## TRY IT
Whenever a picture appears in the listing below, leave it out, and copy exactly the lines from the one containing "So anyway, that's" through the end.

## DATA SHOWN
# # #

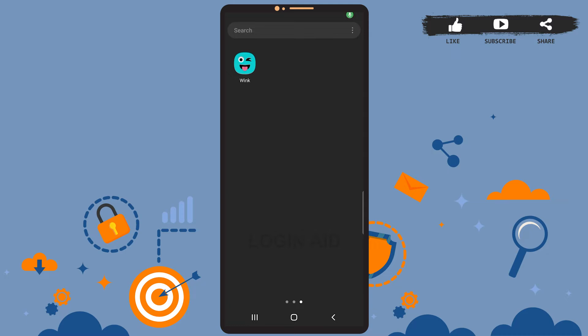Hey guys, welcome back to our channel. In today's tutorial video, I'm going to show you how to add your social accounts on Wing. These social accounts are Instagram, Snapchat, and TikTok. So let's get started.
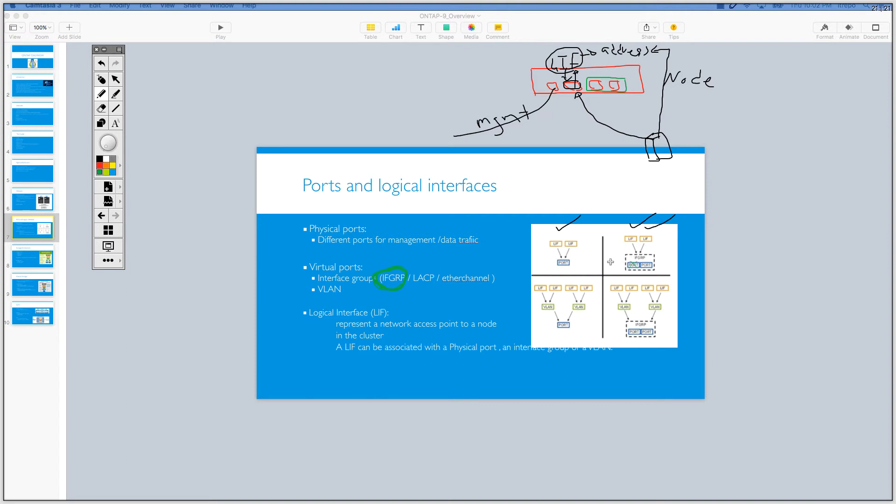So here, the important thing is you have to know that you always need the logical interfaces or LIFs. You need to create LIFs. And the point of contact between the servers, between users, between end users to the storage is through the LIFs. And LIFs are also logical objects. These are not physical objects that we can see them.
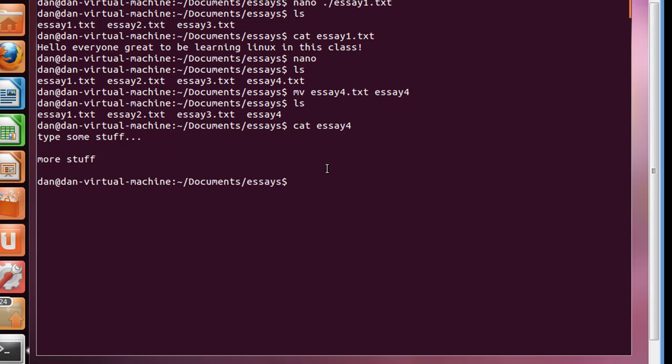So anyway, that's the cat command, the move command, and the copy command. And also we learned how to use the nano text editor. All right.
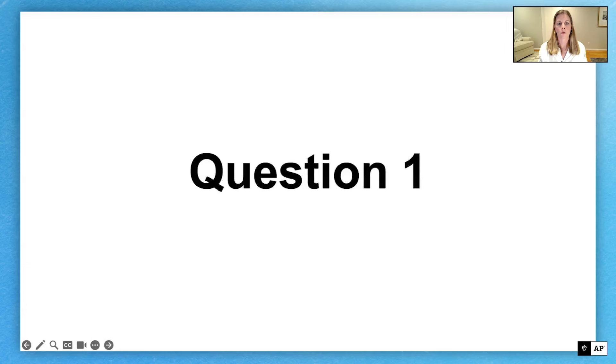Hello everyone, this is Megan Cole from Homewood High School in Homewood, Alabama. Welcome back to AP Daily. Today we're going to look at two free response questions that have to do with Unit 4, the financial sector.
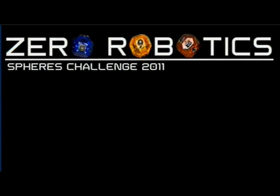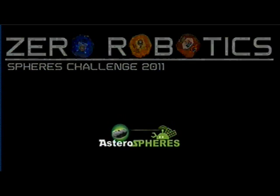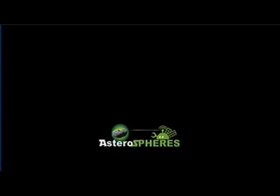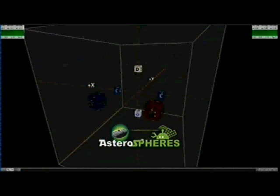This year's game is called Asterospheres and it is based on NASA's future missions to explore near-earth objects.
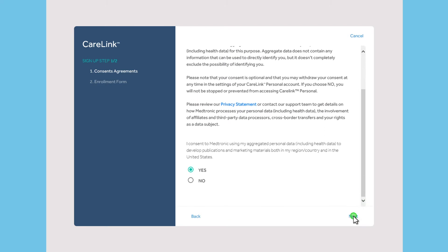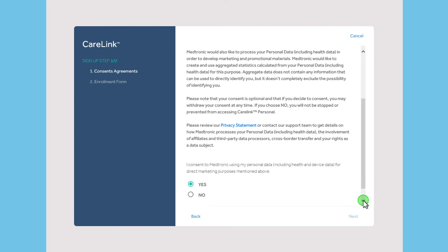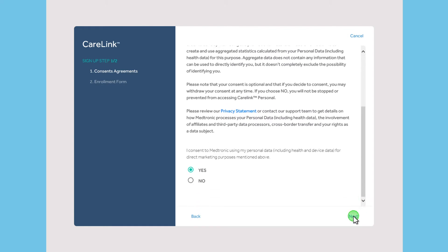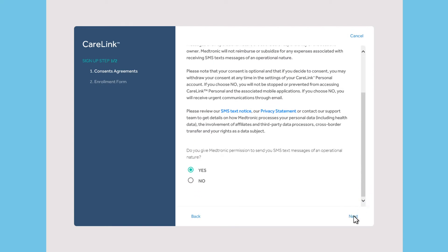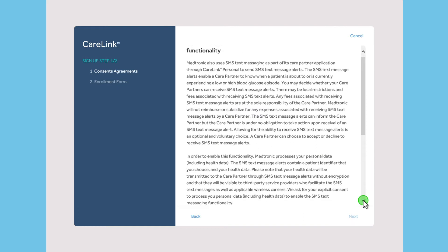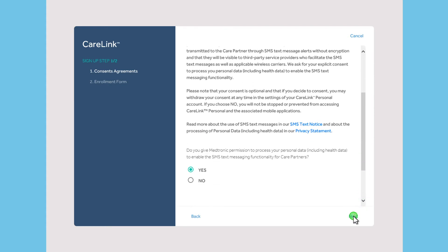These questions tell you what data CareLink software will be collecting and how it will be used. It will also allow you to agree to let your healthcare professional view the data.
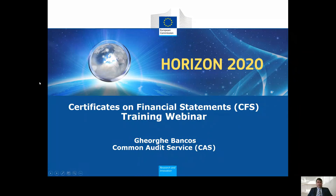Dear auditors and friends, welcome to this very special training about the Certificates on Financial Statements. My name is Georgi Bancos and I'm a Chartered and Certified Auditor from the Common Audit Service, which is located in DG RNI Research and Innovation. The Common Audit Service manages all the second level audits for the Horizon 2020 framework.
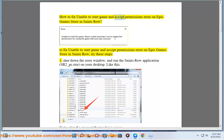How to fix unable to start game and accept permissions error on Epic Games Store in Saints Row. To fix unable to start game and accept permissions error on Epic Games Store in Saints Row, try these steps.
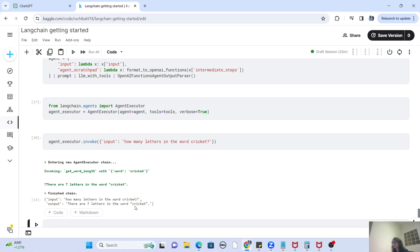Some of you might say: why go through all this complex stuff just to count letters in one word, with no sequencing demonstrated? You are right — we need an example with more than one function, letting the agent executor decide the sequence, take the output of one function and feed it into the other. So let's do that.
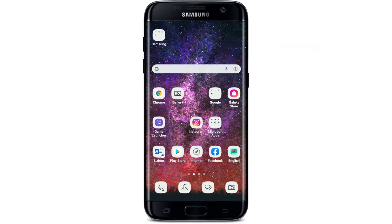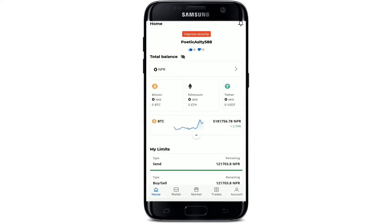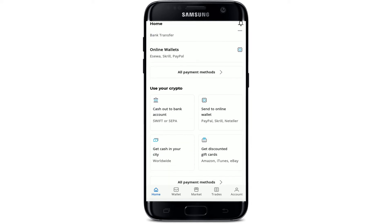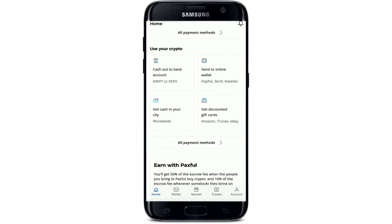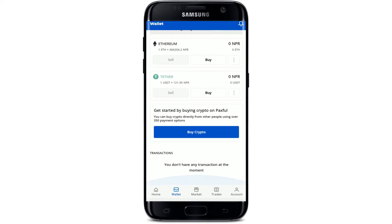In order to get a transaction ID on Paxful, the first thing to do is to tap open the Paxful application from your app drawer. Make sure that you're logged into your account, and from the main home page of Paxful tap on the wallet button at the bottom of the screen.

# # #

## REPLY TO THE EXERCISE
So anyway, that's the cat command, the move command, and the copy command. And also we learned how to use the nano text editor. All right.
Hello everyone, this is Megan Cole from Homewood High School in Homewood, Alabama. Welcome back to AP Daily. Today we're going to look at two free response questions that have to do with Unit 4, the financial sector.
This year's game is called Asterospheres and it is based on NASA's future missions to explore near-earth objects.
These questions tell you what data CareLink software will be collecting and how it will be used. It will also allow you to agree to let your healthcare professional view the data.
Dear auditors and friends, welcome to this very special training about the Certificates on Financial Statements. My name is Georgi Bancos and I'm a Chartered and Certified Auditor from the Common Audit Service, which is located in DG RNI Research and Innovation. The Common Audit Service manages all the second level audits for the Horizon 2020 framework.
How to fix unable to start game and accept permissions error on Epic Games Store in Saints Row. To fix unable to start game and accept permissions error on Epic Games Store in Saints Row, try these steps.
Some of you might say: why go through all this complex stuff just to count letters in one word, with no sequencing demonstrated? You are right — we need an example with more than one function, letting the agent executor decide the sequence, take the output of one function and feed it into the other. So let's do that.
In order to get a transaction ID on Paxful, the first thing to do is to tap open the Paxful application from your app drawer. Make sure that you're logged into your account, and from the main home page of Paxful tap on the wallet button at the bottom of the screen.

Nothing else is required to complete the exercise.